Der Wecker hatte sie um 7 Uhr aus dem Schlaf gerissen. Doch sie ließen sich noch etwas Zeit und genossen die gemeinsame Ruhe. Nach der morgendlichen Dusche hatten sie die Kinder geweckt. Auch die schienen ungewöhnlich gut gelaunt.

Die Besprechung um Acht auf der Brücke war kurz. Die Astronauten hatten in der Nacht das Radarsystem am Bug der Explorer installiert und die beschädigte Lincoln war umgesetzt worden, um den Startplatz für Ronnys Washington freizumachen.

Der Gesundheitszustand von Luigi Bientrami hatte sich leicht verbessert und der Admiral verkündete, dass Lisa zusammen mit Horrand ein Team bilden sollte, das für eine Erkundung nach Eridani-3 geschickt werden sollte. Horrand und Ivan Orlov würde die Kandidaten hierfür trainieren.

Nach dem Meeting war Lisa mit Ronny und den Kindern zusammen frühstücken. Janine stichelte ihren Bruder mit seiner geheimen Liebe Celia. Irgendwann wurde es ihm zu bunt und er verschwand mit der Ausrede, er müsse noch in die Bibliothek, um zu lernen.

Ronny machte sich auf den Weg zum Hangar.
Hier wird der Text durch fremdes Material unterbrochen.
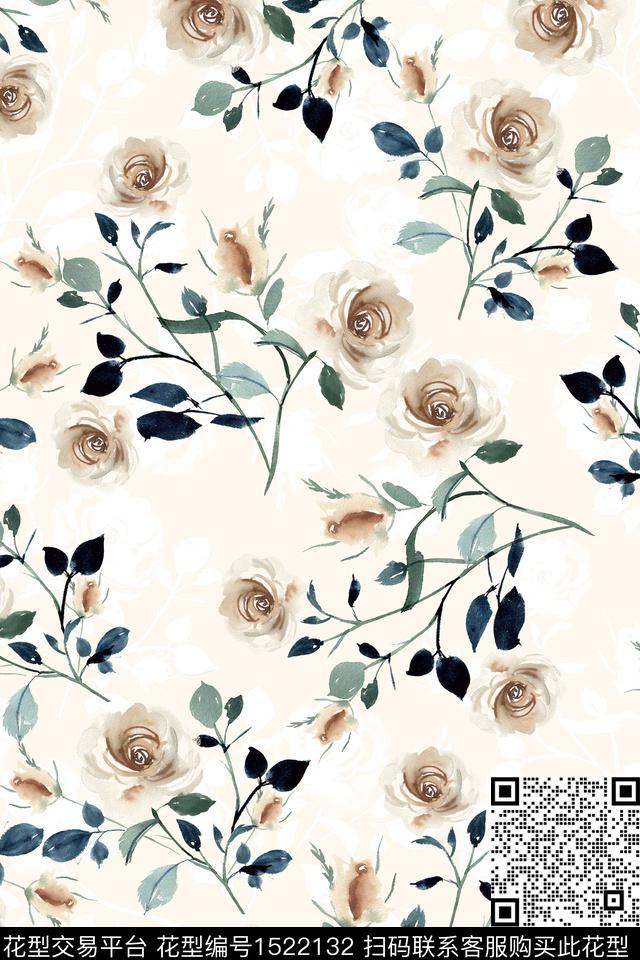 花卉大牌风小清新数码印花华亿平台下载（图片编号: 1522132） - 瓦栏（Walan）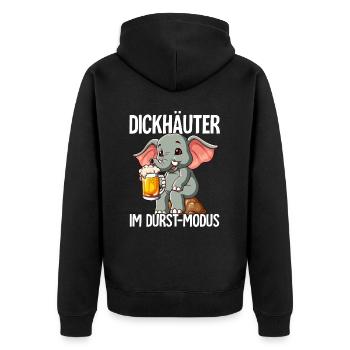 Elefant Bier - Unisex Premium Bio Zip Hoodie - Schwarz - Hinten - Nico (187cm)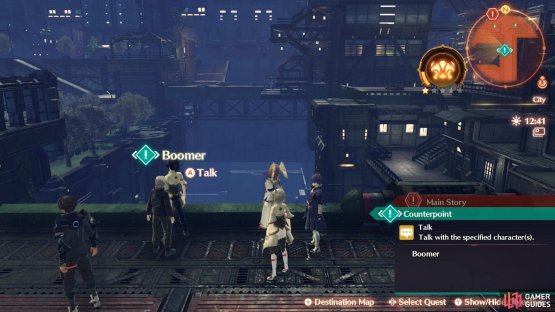 then talk to Boomer on the bridge. 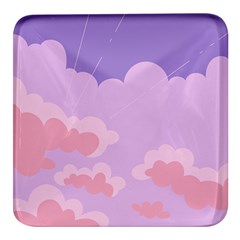 Sky Nature Sunset Clouds Space Fantasy Sunrise Square Glass Fridge Magnet (4 Pack)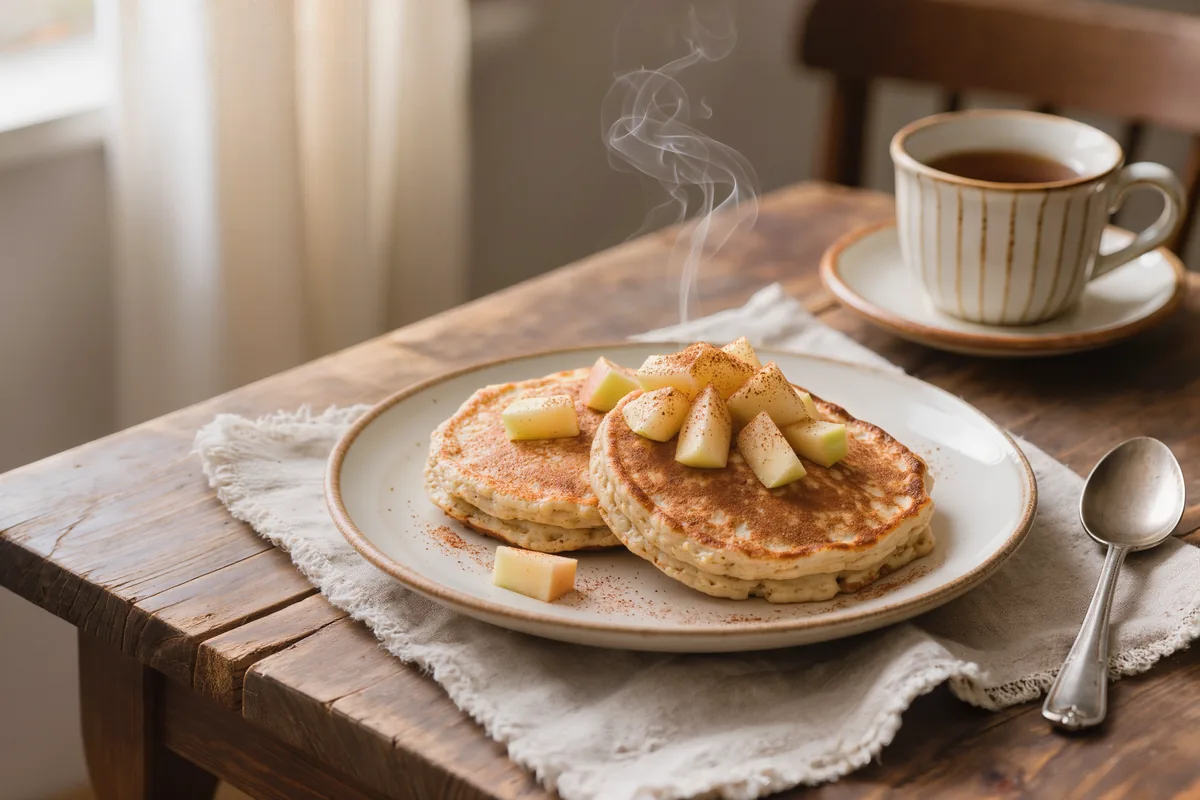 Haferpfannkuchen mit Apfelstücken auf einem Teller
Die Orbiter-5.1 und 5.2 mussten in den Laderaum der Washington gebracht werden. Seine Aufgabe war es, die Ladung zu sichern und auf Schäden zu prüfen. Der Start war für heute Abend 17 Uhr angesetzt. Da gab es noch einiges zu tun.
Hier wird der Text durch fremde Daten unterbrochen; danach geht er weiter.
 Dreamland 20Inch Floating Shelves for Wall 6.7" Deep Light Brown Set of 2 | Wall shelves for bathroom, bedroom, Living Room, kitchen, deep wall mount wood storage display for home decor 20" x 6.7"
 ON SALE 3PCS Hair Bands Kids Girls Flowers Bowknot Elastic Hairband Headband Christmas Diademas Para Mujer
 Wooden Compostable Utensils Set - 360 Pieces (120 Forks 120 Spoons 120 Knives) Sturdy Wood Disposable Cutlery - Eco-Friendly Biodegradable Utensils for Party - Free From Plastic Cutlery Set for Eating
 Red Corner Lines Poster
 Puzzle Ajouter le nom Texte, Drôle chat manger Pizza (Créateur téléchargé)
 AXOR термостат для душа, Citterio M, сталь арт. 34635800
Gegen 10 Uhr erreichte Lisa ihr Labor und sah sich die neuesten Berichte der Nacht an.

Professor Dillmann war ebenfalls da. Er saß vor einem Monitor und schaute sich die Aufzeichnungen vom Rover an, den sie gestern verloren hatten. Eine Aussage wollte er aber erst machen, wenn er mit allen Daten durch war.

Bis zum Test des neuen Radarsystems hatte Lisa noch etwas Zeit. Deshalb ging sie in ihr Büro und schrieb die Rundmail, in der sie nach Freiwilligen für die E3 Mission suchte.
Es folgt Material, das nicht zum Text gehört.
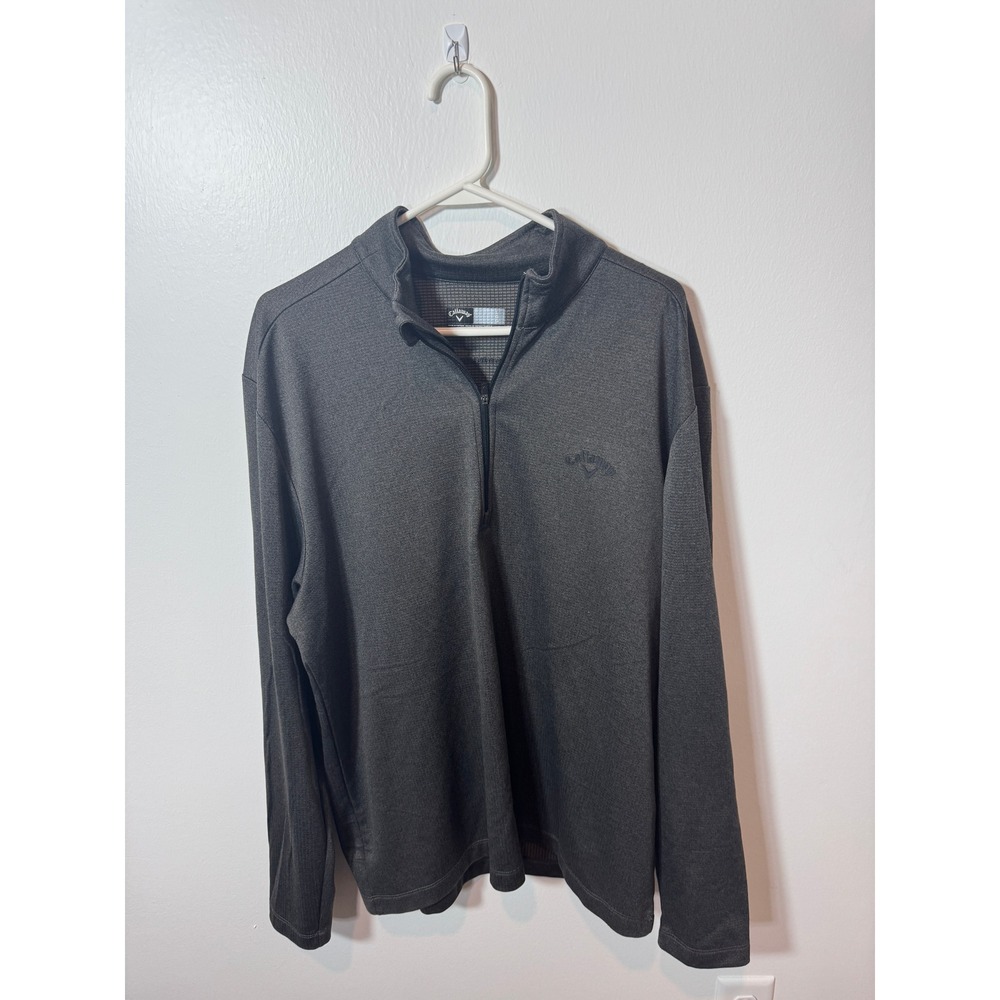 Callaway Quarter Zip Pullover Mens Large Gray Excellent Heathered Golf Active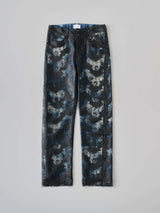 STARAIGHT JEAN TROUSERS レイヤード ストレートジーントラウザー(ブラックレース)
Es dauerte keine fünf Minuten, bis die erste Rückmeldung einging. Die Adresse des Absenders ließ Lisa aufstöhnen. Es war ja klar, dass Adriana sich auf diese Mail melden würde! Für sowas hatte Lisa gerade keinen Nerv. Da traf es sich gut, dass nun die Arbeiten am neuen Radar anstanden.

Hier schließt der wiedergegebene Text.